Don’t get your tinsel in a tangle

how perfect are these bar towels from raleigh-based Silly Grits? as my one and only black Friday purchase–all $6 (BOGO)–they have become one of my favorite decorating pieces this season.
 Don’t get your tinsel in a tangle–** disclaimer: i wrote this whole post based on the assumption that “don’t get your tinsel in a tangle” is the festive way to say “don’t get your panties in a wad”. after a few focus groups (g-chats), i’m not sure that’s the case. but i still think i’m right. i mean, what else would it mean?

Mishaps happen…

  • tape runs out. so does wrapping paper. both usually happen on Christmas Eve.  i can’t count the times my family has gotten gifts wrapped in the Charlotte Observer.
  • lights go out. last year, we had a strand of lights on our tree that constantly went out. when they did, our solution was to hit them in the just the right spot and they would light up for another 30 minutes. we repeated this cycle for a solid 20 days. this year, my mom geniously told me to change the broken bulb on the strand.
  • turkeys get burned. just call the neck and say grace–or the pledge of allegiance–before eating it.
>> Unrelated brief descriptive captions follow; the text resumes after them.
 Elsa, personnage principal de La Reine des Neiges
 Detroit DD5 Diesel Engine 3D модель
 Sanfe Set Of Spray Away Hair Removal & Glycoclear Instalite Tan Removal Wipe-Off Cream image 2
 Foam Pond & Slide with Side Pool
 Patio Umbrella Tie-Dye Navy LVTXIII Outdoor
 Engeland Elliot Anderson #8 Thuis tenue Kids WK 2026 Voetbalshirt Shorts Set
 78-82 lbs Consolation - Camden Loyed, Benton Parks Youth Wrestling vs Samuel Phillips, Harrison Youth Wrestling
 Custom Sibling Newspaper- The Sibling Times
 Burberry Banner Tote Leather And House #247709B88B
often the best parts of Christmas–at least the memories we hold on to–are the things that go wrong. no one cares what their gift is wrapped in–like we have been taught since kindergarten, it’s what’s on the inside that matters. no one cares if your lights go out, so don’t take yourself so seriously. tinsel in a tangle is like having your panties in a wad- they need to be untangled and un-waded asap.
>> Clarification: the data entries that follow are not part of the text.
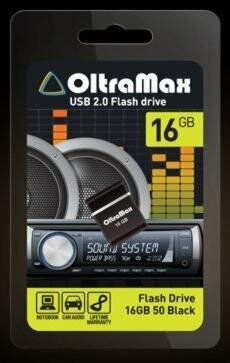 USB флэш-накопитель (OLTRAMAX 16GB 50 черный [OM016GB-mini-50-B])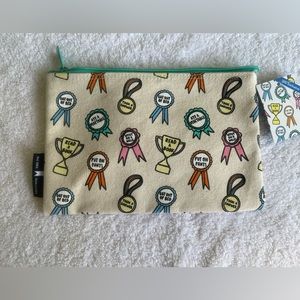 NWT Out Of Print Make-up Bag “Little Victories”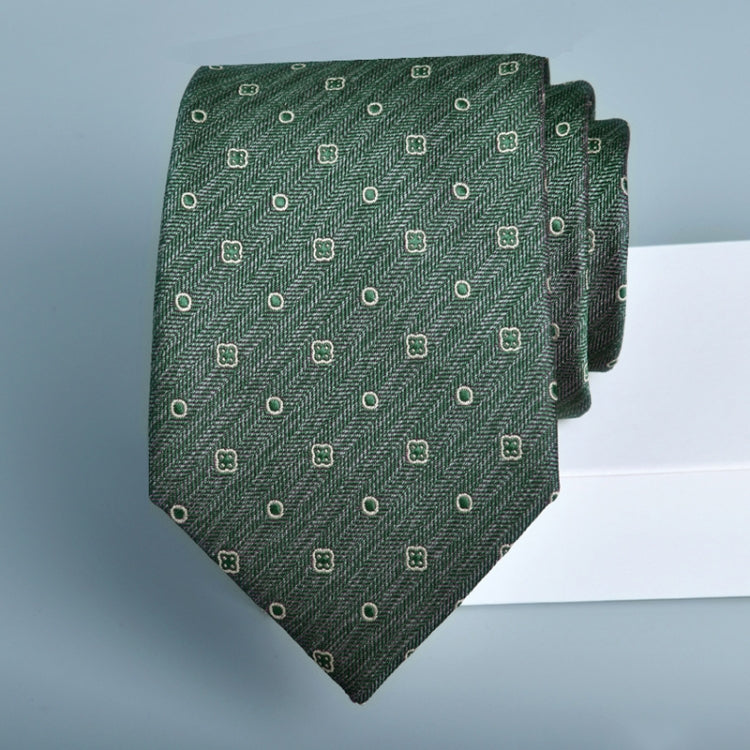 Men's formal casual business floral tie made of polyester silk, featuring intricate jacquard patterns in various colors.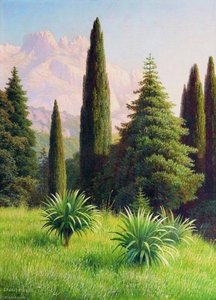 Landscape with Mount Ai Petri, Crimea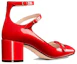 Shop (W) Dior Aime Leren Dubble Gesp Chunky Hoge Hak ''Rood'' KCV042VNI_S24R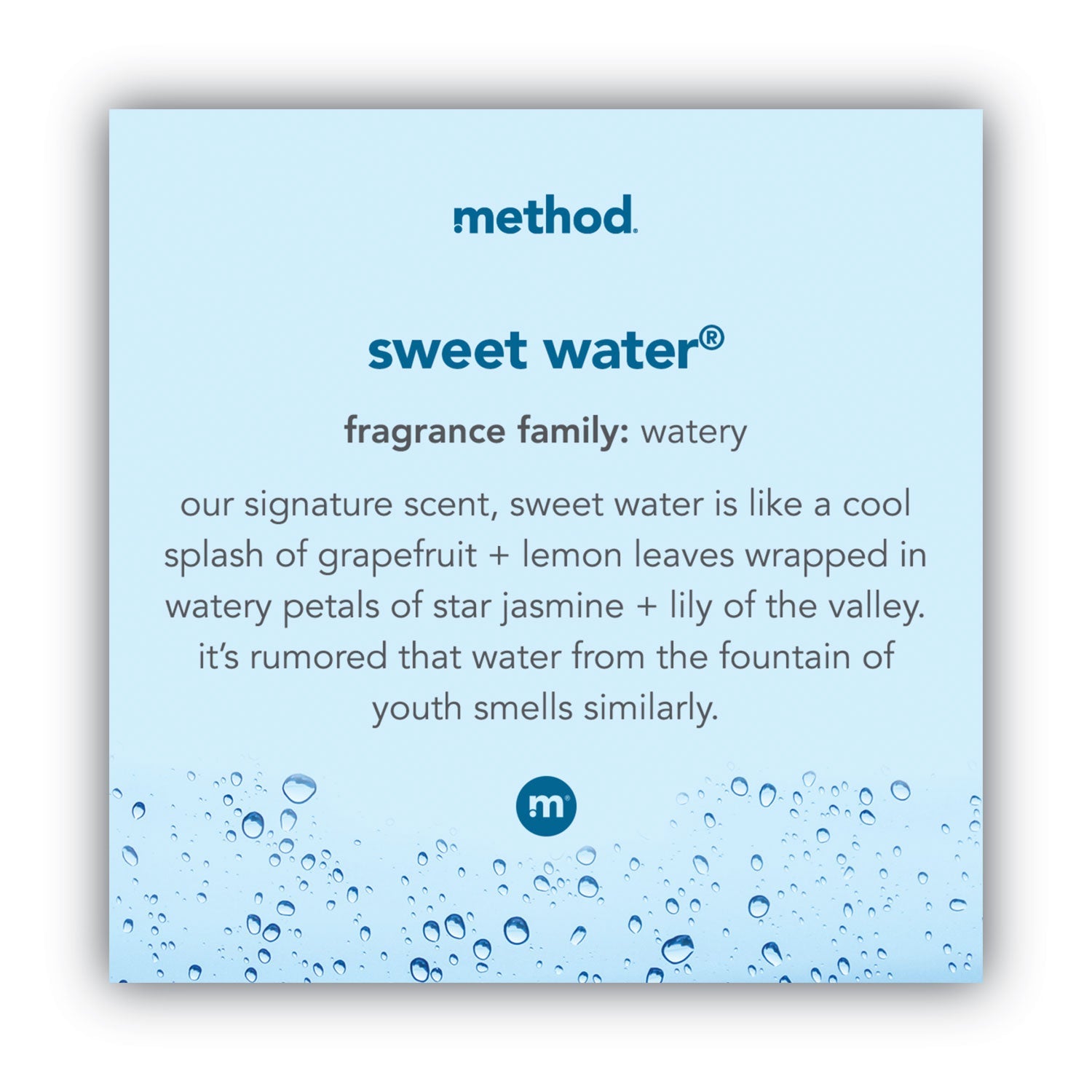 Method® Foaming Hand Wash, Sweet Water Scent, 10 oz, 6/Carton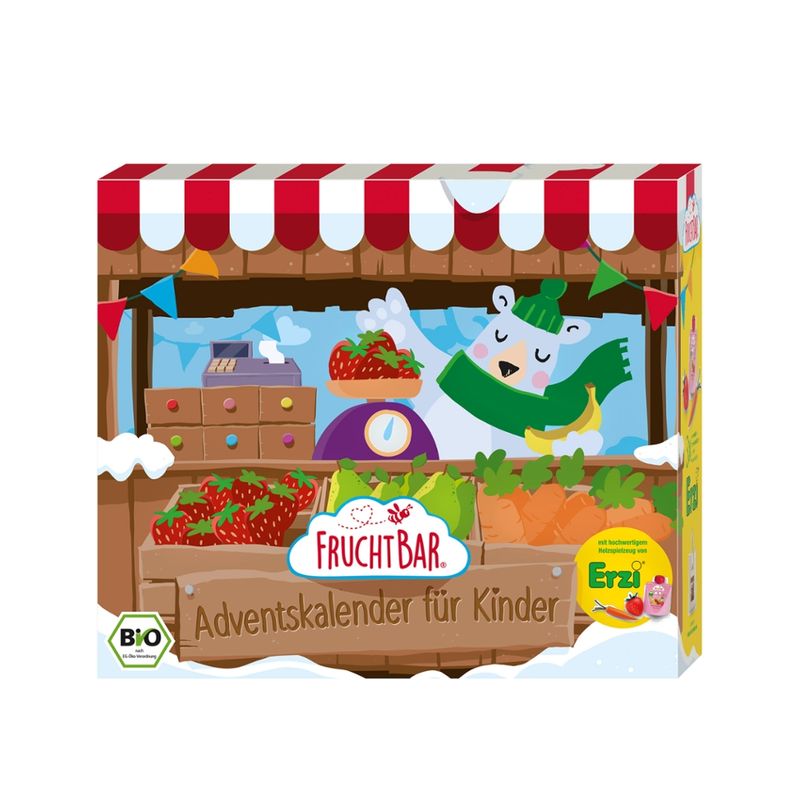 FruchtBar  FruchtBar-Adventskalender für Kinder mit hochwertigen Holzspielzeug von Erzi - Produktbild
 one surefire way to do this is to raise a little cane. 
  • spike the office eggnog: it’s like its the adult version of seeing your teacher in public when you were younger. is there anything greater–or more frightening– than coworkers being drunk together? at least one person does something fire-worthy. just don’t let it be you.
  • eat too many cookies. as far as i’m concerned, santa eats them at every house and still fits down the chimney. all you have to do is wiggle into your elastic pajamas to open presents.
  • have a lotta fun with a little small talk: is there anything worse than small talk? i’d rather try to give myself acupuncture than feel like an awkward wallflower at parties. it’s so miserable. so at least try to make it fun.  at the height of our coolness a few years ago, my friends and i would assign roles when we went out– question girl, easily-offended girl, limps-a-lot girl, stutter girl … awkward holiday parties are a great time to bring this back out.
so, please, use these amazingly chic bar towels as your holiday inspiration: don’t get your tinsel in a tangle, and raise a little cane.